Réunis.es avec quelques sympathisants et militants mardi soir à la salle familiale des Saugeraies, les candidats.es Changeons d'air ! pour les cantons de Mâcon-1 et Mâcon-2 se sont sentis.es pousser des ailes avec leurs scores du 1er tour.

« Je m'étais dit que si on faisait 10%, on serait content. On fait 21% et on est au 2ème tour.
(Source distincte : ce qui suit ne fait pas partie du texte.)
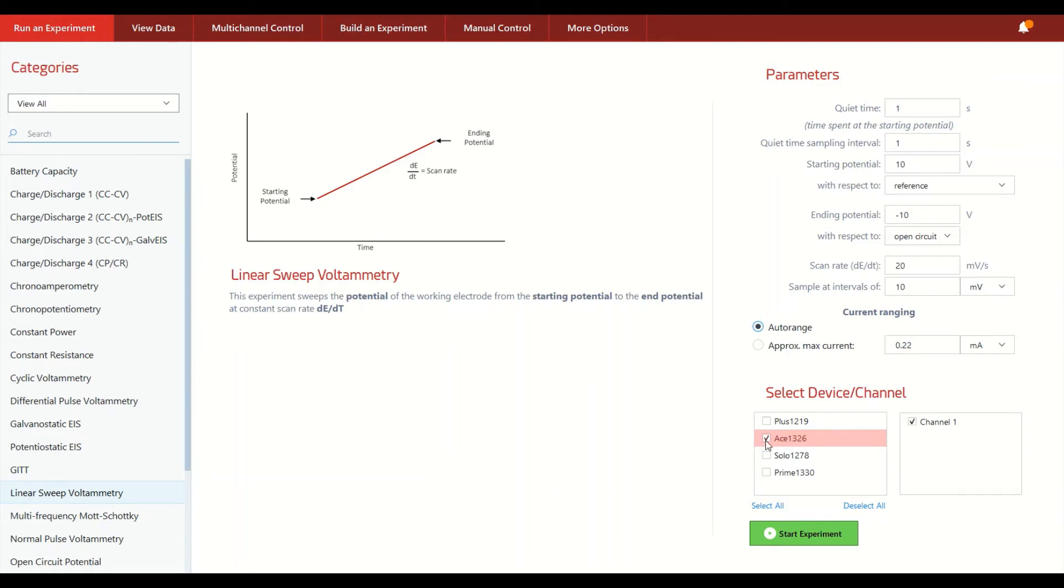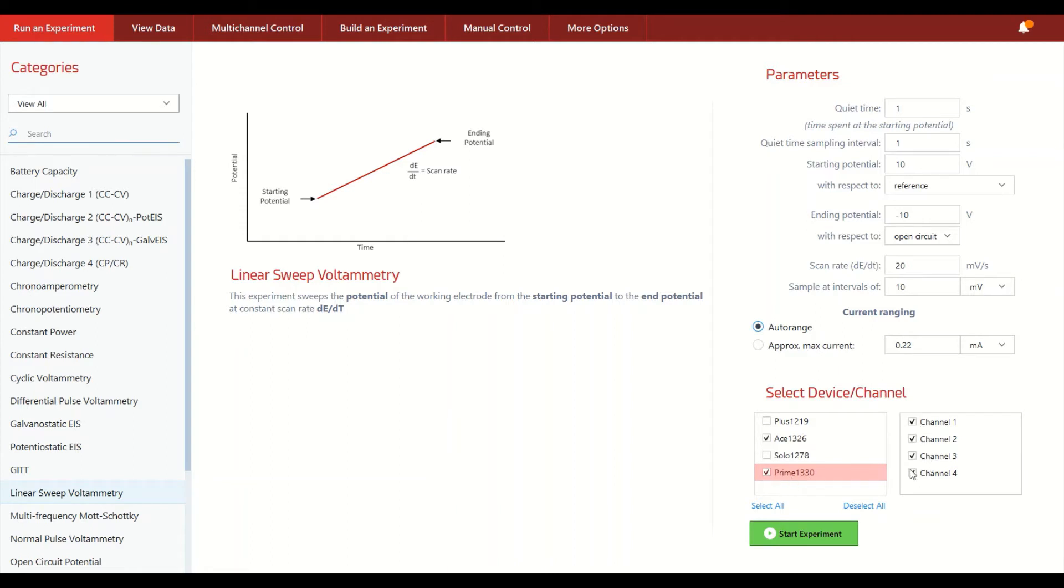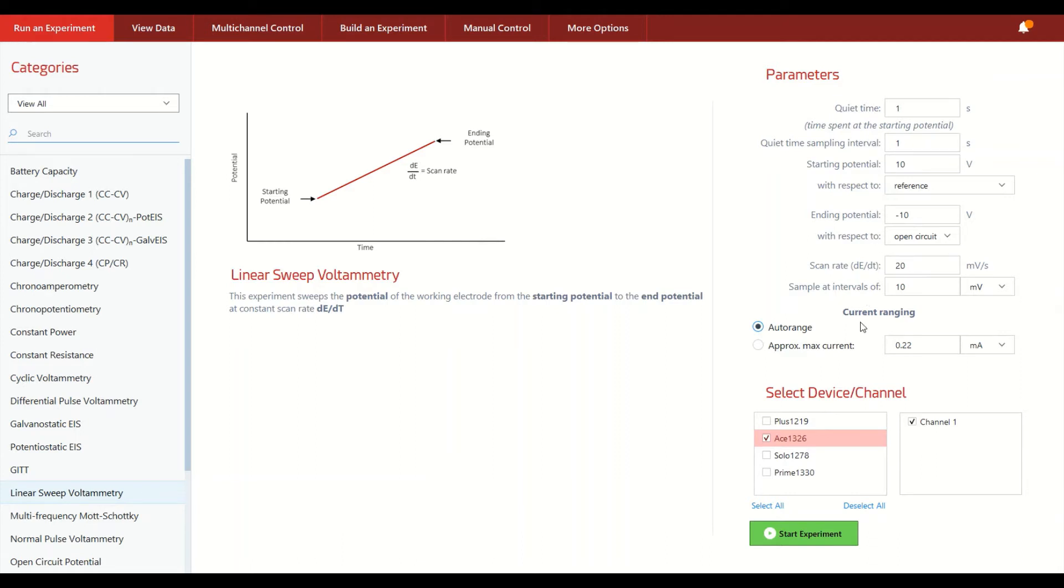So for example, we could pick one of our Squidstat ACE units to run it, or we could pick in addition to the ACE having all four channels of the Squidstat Prime run it at the same time, or maybe you want fewer channels to run it. The point is it's very easy to select one or more channels to run this exact same experiment and their start times will be fully synchronized.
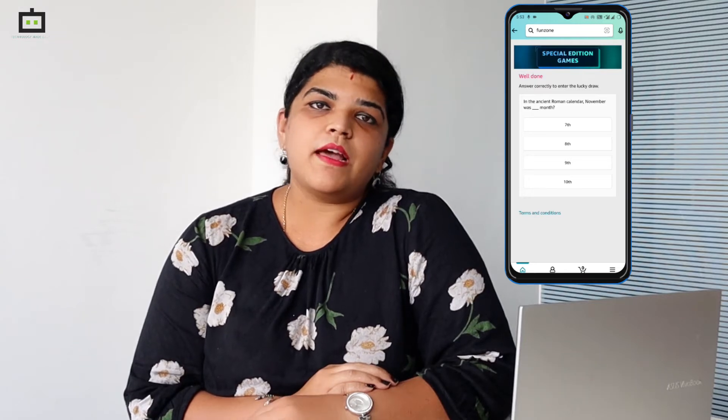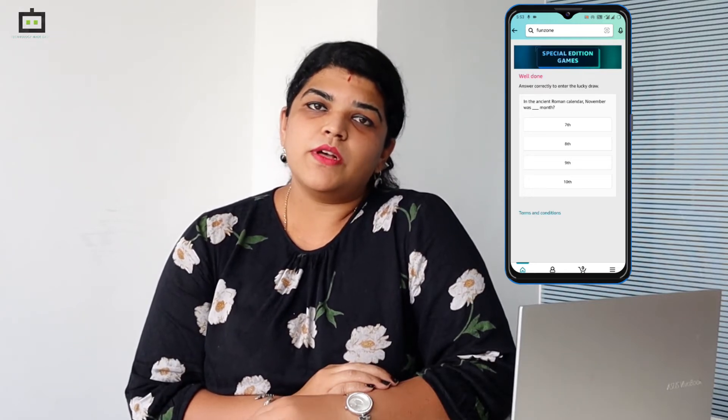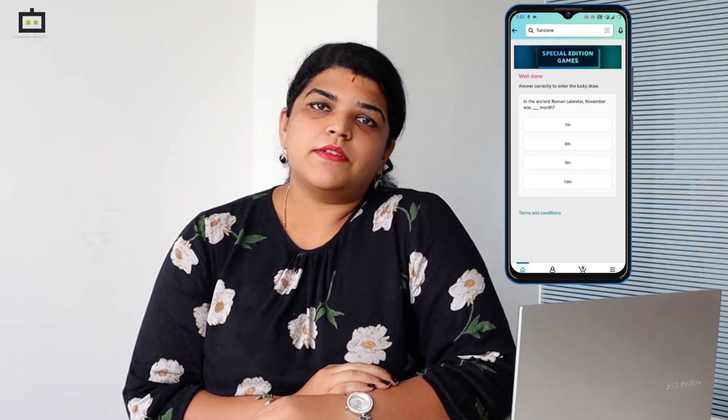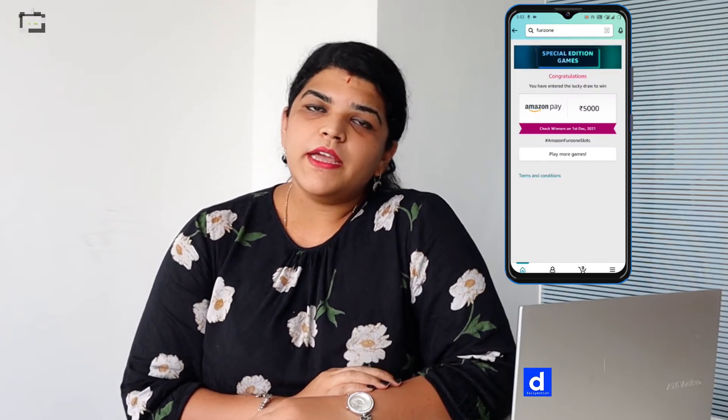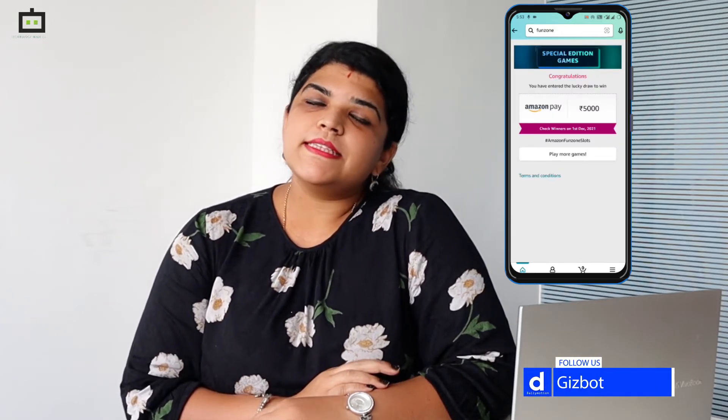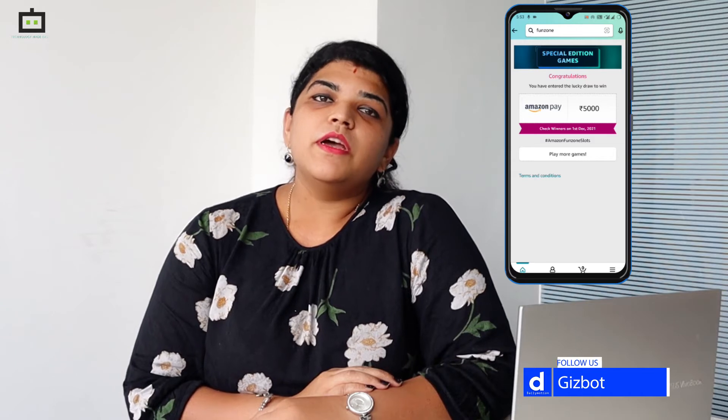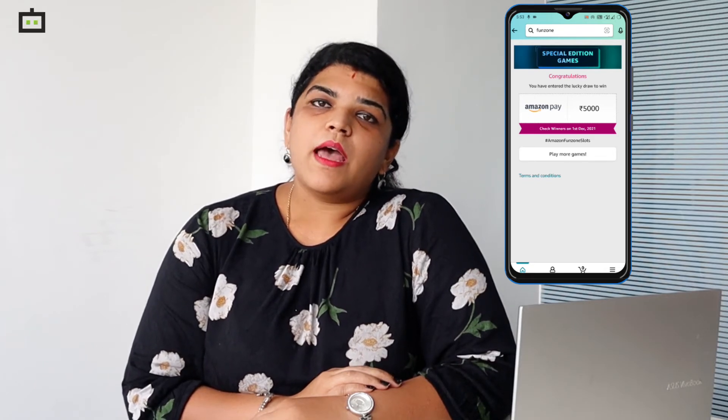Keep in mind that you cannot participate in the Fun Zone section via the Amazon mobile website because it is an app-only contest. Make sure you install the Amazon app on your phone and create an account or log into your existing Amazon account. After participating, share with the corresponding Amazon hashtag on the Twitter app as well.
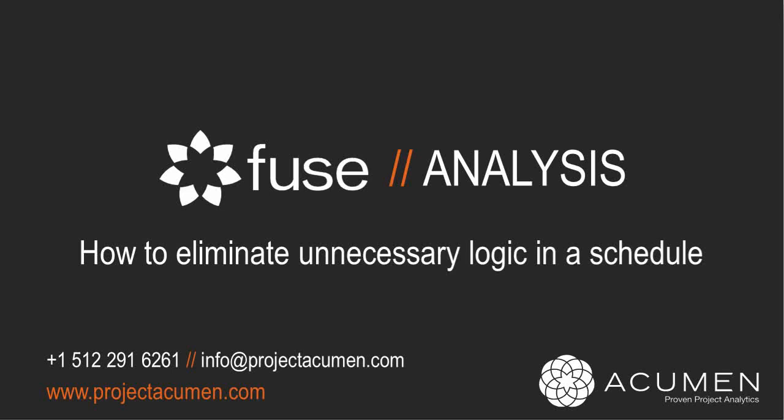Let's look at the impact and the benefit of eliminating unnecessary logic within a schedule. Very often when running a schedule critique, focus is given to identifying and resolving missing logic, or what we call open-ended logic.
Pour quelqu'un comme moi dont c'est la première candidature, je suis assez fier » confiait Olivier Leprévost, candidat pour Mâcon-2 avec Céline Vinauger. »

 

Le score est d'autant plus apprécié que les candidats.es ont vécu le 1er tour du scrutin avec le sentiment d'être bien « loin de l'égalité des chances ». « Toutes les barrières sont mises pour empêcher un citoyen issu des classes populaires d'accéder à un mandat quelconque. Délai d'envoi des bulletins, difficile accès à la préfecture qui nous range à l'extrême gauche sans ranger le RN à l'extrême droite – notre recours a abouti, avec un mail pour reconnaître l'erreur, notons-le – mauvaise ou absence de distribution du matériel de vote etc. »

 

Et Emmanuel Jallageas, pour Mâcon-1, d'en remettre une couche contre ses adversaires : « Le binôme d'archi-cumulards Robin-Courtois réalise péniblement 45% à Charnay et Sancé ; le binôme Cannet-Reynaud fait son meilleur score à Varennes et pas sur Mâcon... Des archi-inconnus infligent un second tour à nos vedettes locales. »

 

Céline Vinauger (pour Mâcon-2) quant à elle, est revenue sur l’abstentionnisme pour tirer la sonnette d'alarme : « Cet effondrement démocratique nous mobilise nous à gauche pour résister à la soumission du pouvoir exécutif au capital et pour remettre les besoins fondamentaux au cœur du débat. » Et de mettre en cause le président de la République : « il s'est directement impliqué dans la campagne ces derniers jours, avec son gouvernement et porte une lourde responsabilité dans l'état politique du pays. (…) Ils auront tout mis en œuvre pour minimiser les enjeux des scrutins et affaiblir les conditions de l'expression démocratique des listes et des candidats.es en campagne... qu'on se le dise, le jour où le vote ne sera plus un droit, nous regretterons l'époque où c'était un devoir. »

 

Claire Miséréré, pour Mâcon-1, a évoqué l'urgence climatique en citant les dernières catastrophes de La Roja et des incendies en Californie et en Australie, en parlant aussi de la convention citoyenne pour le climat, « dont la majorité des propositions est passée à la trappe. » Et de conclure sur ces mots : « Il est indispensable que le Département envoie un signal fort pour abandonner cette politique libérale qui nous mène aujourd'hui dans une impasse climatique. »

 

En conclusion des interventions, les élus.es de Mâcon citoyen au conseil municipal de Mâcon ont affiché leur soutien aux candidats Changeons d'air ! en critiquant la politique municipale conduite par le maire, « faite de coquilles vides et pour laquelle les propositions de l'opposition sont méprisées. »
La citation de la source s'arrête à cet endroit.